While ABC systems are quite complex and costly to implement, Charles T. Horn Branch, Gary L. Sundem and William O. Stratton that many industries of manufacturing and nonmanufacturing are the adoption of ABC systems for a variety causes:

1. Accuracy margins for different products and services, and customer ratings, more and more difficult to achieve given that direct work quickly replaced by automated equipment. Therefore cost, a common entity (indirect costs) becomes the most important part of total costs.

2. Since the rapid changes in technology and reduce the life cycle of the product, companies do not have time to change prices or costs are paid, when detected.

3. Companies inaccurate cost measurements tend to lose the offer, as products more expensive due to hidden losses undercoated products, and are not aware that activities are not cost effective.
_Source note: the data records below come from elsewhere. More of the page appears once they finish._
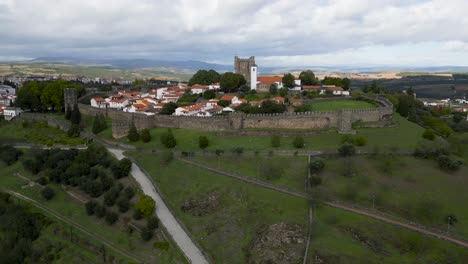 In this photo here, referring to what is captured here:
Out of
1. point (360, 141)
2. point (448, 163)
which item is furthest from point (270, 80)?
point (448, 163)

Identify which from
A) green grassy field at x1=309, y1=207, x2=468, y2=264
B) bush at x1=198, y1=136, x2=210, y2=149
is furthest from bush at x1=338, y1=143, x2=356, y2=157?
bush at x1=198, y1=136, x2=210, y2=149

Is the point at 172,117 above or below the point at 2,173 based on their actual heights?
above

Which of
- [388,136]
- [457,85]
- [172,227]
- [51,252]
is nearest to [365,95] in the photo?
[388,136]

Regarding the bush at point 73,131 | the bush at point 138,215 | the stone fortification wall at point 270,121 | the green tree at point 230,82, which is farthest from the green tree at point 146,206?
the green tree at point 230,82

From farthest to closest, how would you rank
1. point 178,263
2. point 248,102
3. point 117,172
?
point 248,102, point 117,172, point 178,263

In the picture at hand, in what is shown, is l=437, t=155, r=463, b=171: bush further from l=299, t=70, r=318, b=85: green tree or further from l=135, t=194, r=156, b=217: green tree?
l=299, t=70, r=318, b=85: green tree

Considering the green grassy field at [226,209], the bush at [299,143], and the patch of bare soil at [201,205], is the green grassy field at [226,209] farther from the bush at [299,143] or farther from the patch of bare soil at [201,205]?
the bush at [299,143]

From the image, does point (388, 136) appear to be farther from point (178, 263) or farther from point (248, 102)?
point (178, 263) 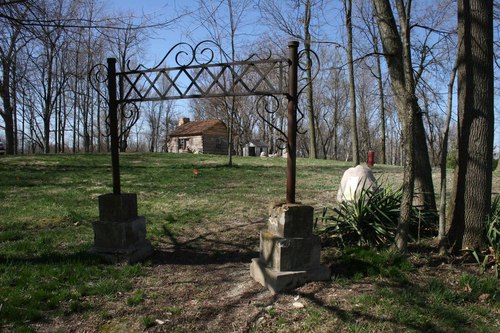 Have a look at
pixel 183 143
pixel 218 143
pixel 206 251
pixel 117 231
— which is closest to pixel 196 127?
pixel 183 143

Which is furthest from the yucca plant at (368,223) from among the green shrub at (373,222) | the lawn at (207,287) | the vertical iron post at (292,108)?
the vertical iron post at (292,108)

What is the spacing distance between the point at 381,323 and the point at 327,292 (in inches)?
25.2

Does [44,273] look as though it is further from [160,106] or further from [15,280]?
[160,106]

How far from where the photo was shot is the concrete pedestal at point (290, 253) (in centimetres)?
359

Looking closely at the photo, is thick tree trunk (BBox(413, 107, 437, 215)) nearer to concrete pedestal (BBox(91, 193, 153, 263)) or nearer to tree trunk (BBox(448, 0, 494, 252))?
tree trunk (BBox(448, 0, 494, 252))

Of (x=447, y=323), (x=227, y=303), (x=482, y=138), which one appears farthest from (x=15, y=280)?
(x=482, y=138)

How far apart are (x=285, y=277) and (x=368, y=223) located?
1.74 meters

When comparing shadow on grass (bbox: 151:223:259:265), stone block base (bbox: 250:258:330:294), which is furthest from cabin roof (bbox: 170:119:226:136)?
stone block base (bbox: 250:258:330:294)

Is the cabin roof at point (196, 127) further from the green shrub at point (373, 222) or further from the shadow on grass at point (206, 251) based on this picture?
the green shrub at point (373, 222)

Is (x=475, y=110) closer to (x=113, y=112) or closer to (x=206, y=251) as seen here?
(x=206, y=251)

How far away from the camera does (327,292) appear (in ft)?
11.4

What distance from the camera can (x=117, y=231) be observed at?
4.50 m

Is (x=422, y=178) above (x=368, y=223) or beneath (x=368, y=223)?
above

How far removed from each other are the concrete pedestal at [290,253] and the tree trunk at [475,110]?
75.1 inches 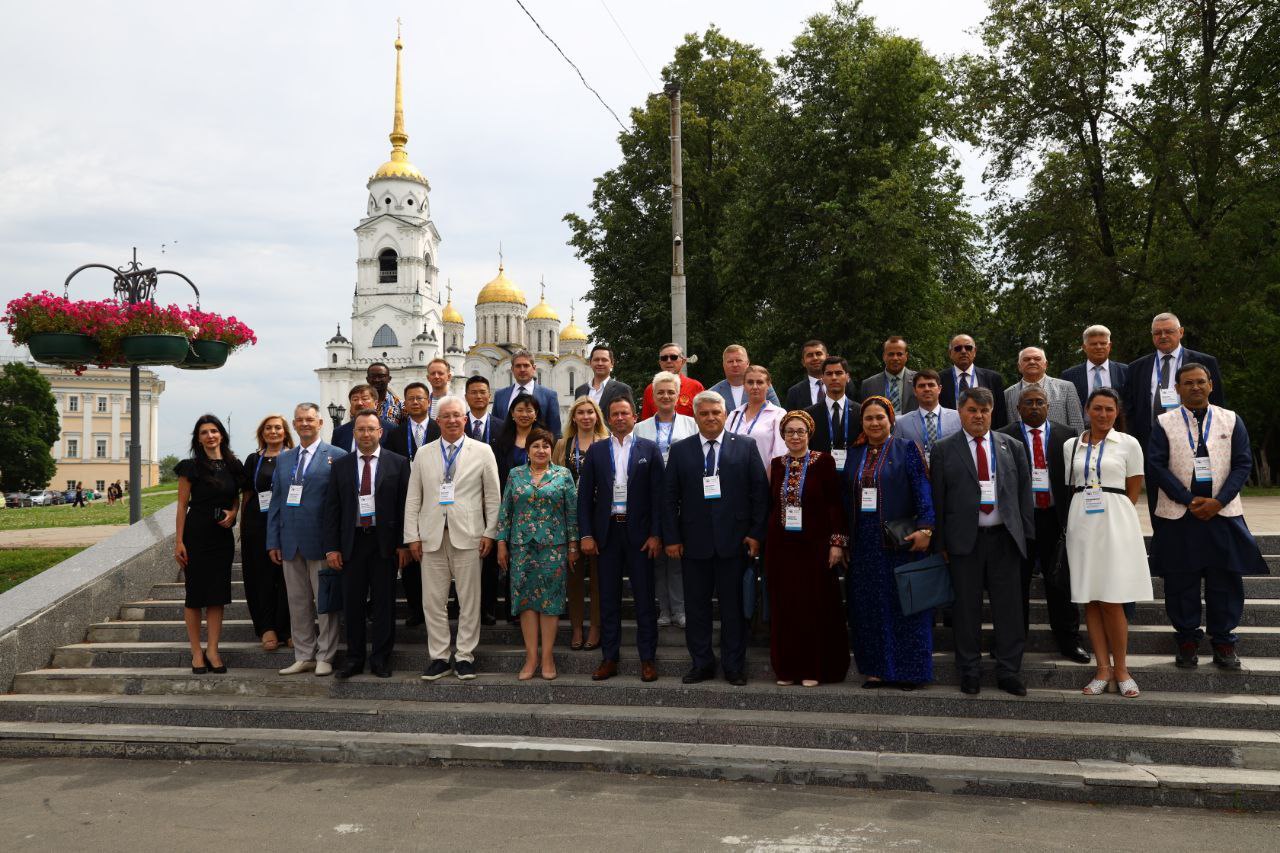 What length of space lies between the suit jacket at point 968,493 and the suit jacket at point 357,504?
3785 mm

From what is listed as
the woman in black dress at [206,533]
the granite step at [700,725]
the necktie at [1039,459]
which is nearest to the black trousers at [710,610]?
the granite step at [700,725]

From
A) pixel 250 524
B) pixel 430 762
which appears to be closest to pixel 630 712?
pixel 430 762

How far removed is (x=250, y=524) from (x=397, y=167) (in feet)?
222

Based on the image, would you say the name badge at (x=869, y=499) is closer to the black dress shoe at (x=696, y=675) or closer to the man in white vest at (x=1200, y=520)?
the black dress shoe at (x=696, y=675)

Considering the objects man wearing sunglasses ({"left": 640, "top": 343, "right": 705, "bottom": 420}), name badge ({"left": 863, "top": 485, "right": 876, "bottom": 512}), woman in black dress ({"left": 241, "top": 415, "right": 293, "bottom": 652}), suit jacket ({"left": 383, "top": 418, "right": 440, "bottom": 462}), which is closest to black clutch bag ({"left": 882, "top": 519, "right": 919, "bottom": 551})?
name badge ({"left": 863, "top": 485, "right": 876, "bottom": 512})

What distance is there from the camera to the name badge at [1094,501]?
18.2 ft

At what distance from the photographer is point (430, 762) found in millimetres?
5512

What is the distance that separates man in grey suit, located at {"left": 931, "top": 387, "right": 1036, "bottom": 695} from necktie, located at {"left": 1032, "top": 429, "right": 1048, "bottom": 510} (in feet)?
1.40

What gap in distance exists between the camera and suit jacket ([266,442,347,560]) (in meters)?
6.59

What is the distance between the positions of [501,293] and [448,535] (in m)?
72.0

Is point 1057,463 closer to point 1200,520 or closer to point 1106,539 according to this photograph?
point 1106,539

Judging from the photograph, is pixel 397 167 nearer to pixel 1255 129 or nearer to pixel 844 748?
pixel 1255 129

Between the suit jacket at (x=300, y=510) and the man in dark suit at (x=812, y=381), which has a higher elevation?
the man in dark suit at (x=812, y=381)

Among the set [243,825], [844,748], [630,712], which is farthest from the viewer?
[630,712] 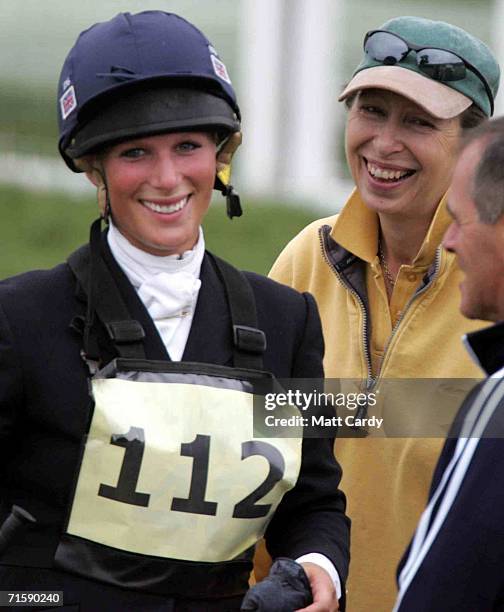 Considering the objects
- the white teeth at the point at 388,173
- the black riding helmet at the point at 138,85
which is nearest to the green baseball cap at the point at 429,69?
the white teeth at the point at 388,173

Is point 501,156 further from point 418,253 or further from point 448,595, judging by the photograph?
point 418,253

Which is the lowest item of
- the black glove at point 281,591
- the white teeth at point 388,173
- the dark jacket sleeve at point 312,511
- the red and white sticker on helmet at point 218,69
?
the black glove at point 281,591

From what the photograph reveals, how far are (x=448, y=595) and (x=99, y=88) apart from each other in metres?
1.40

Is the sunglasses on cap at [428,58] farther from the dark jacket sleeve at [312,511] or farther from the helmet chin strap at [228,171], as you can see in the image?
the dark jacket sleeve at [312,511]

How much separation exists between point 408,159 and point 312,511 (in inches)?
48.6

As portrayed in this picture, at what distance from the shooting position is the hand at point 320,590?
349cm

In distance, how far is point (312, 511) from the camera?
3678 mm

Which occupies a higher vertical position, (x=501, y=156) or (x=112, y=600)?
(x=501, y=156)

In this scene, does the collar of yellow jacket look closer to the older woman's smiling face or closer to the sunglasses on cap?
the older woman's smiling face

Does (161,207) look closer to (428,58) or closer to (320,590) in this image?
(320,590)

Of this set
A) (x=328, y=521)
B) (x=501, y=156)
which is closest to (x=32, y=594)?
(x=328, y=521)

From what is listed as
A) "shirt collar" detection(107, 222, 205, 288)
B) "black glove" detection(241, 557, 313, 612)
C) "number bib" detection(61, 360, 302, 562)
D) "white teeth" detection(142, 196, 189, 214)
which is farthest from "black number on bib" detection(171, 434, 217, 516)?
"white teeth" detection(142, 196, 189, 214)

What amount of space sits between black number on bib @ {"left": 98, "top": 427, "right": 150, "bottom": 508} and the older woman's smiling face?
1.35 m

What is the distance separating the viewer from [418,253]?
4363 mm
4. As the costs of information technology are decreasing, the price has developed systems and ABC also decreased.

Zero based budgeting

Zero-based budgeting is a technique for planning and decision making, which faces the working process of traditional budgeting. In the traditional supplementary budget, departmental managers justify only increases the budget in previous years and what has already been spent is automatically sanctioned. No reference to the previous level of expenditure. In contrast, the zero-based budget, each department works extensively reviewed and all expenditures must be approved not only increases. Zero-based budgeting requires the budget request must be justified in every detail of every division leader of the zero-based. Zero-base is indifferent to whether the total budget is increasing or decreasing.
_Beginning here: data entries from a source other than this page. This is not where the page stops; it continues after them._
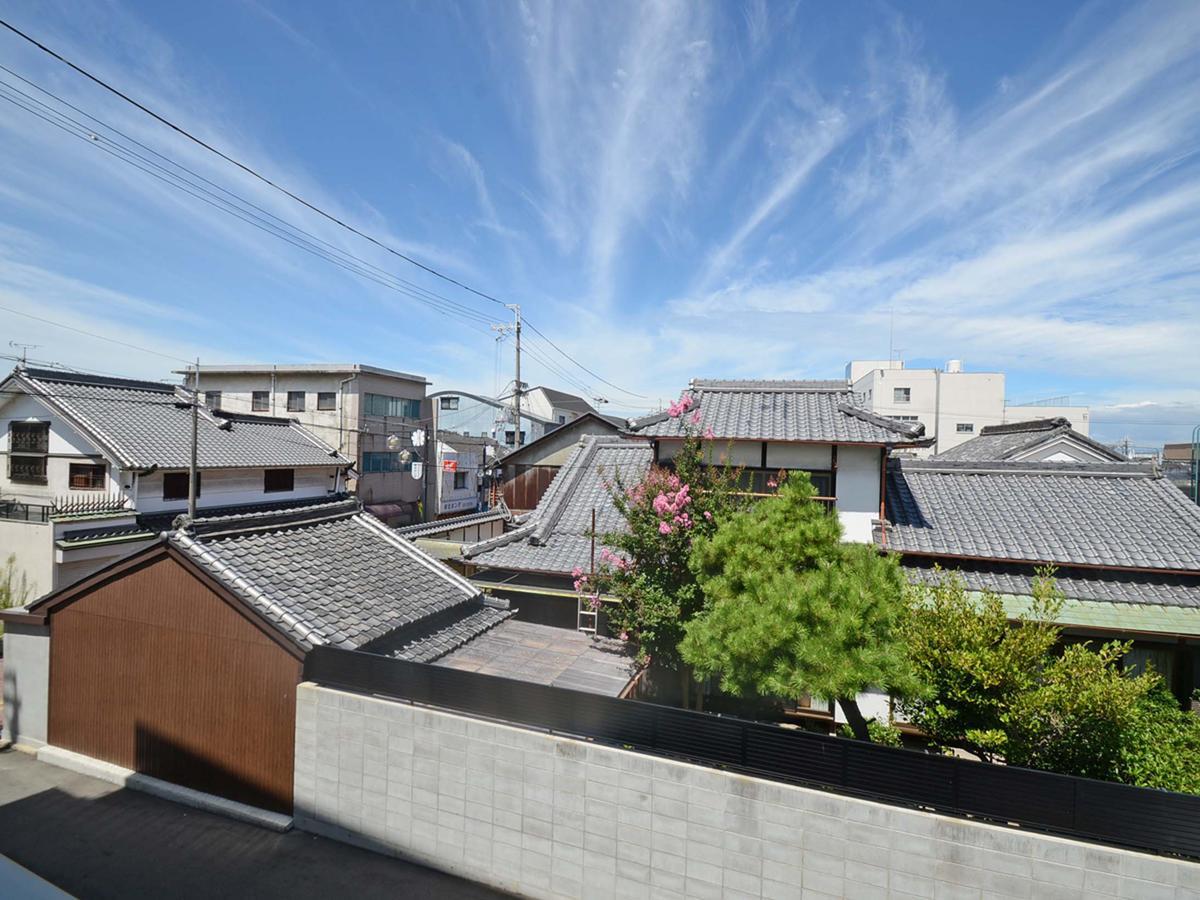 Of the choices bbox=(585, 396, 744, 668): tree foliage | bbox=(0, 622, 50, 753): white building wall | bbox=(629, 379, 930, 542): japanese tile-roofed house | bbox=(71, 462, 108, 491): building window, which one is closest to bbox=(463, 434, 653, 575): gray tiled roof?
bbox=(585, 396, 744, 668): tree foliage

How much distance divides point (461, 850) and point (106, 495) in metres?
19.5

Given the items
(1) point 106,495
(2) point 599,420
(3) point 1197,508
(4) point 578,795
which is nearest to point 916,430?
(3) point 1197,508

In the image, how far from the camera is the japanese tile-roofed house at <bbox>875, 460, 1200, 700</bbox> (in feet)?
33.2

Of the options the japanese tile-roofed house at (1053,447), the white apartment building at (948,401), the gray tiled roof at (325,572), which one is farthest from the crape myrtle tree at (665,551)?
the white apartment building at (948,401)

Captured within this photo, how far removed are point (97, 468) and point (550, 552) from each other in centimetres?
1695

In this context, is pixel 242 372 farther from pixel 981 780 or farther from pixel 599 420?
pixel 981 780

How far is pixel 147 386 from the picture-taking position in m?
23.5

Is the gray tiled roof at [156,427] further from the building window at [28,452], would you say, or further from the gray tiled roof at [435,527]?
the gray tiled roof at [435,527]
The term "zero-based budgeting" is sometimes used in personal finance to describe "zero-sum budgeting", the practice of budgeting every dollar of income received, and then adjusting some part of the budget downward for every other part that needs to be adjusted upward.

Zero budgeting also refers to the identification of a task or tasks, then the financial resources to complete the task regardless of the current resource.

Advantages of zero based budgeting:

1. efficient allocation of resources, since it is based on the needs and interests.

2. Leadership positions to find an inexpensive way to improve operations.

3. Identification of financial statements overstated.

4. useful service departments, where production is difficult to identify.

5. Increases staff motivation by providing greater initiative and responsibility in decision making.

6. More communication and coordination within the organization.

7. Identify and eliminate redundant and obsolete assets.

8. Identify opportunities for outsourcing.

9. Force cost centres to identify their tasks and their relation to overall objectives.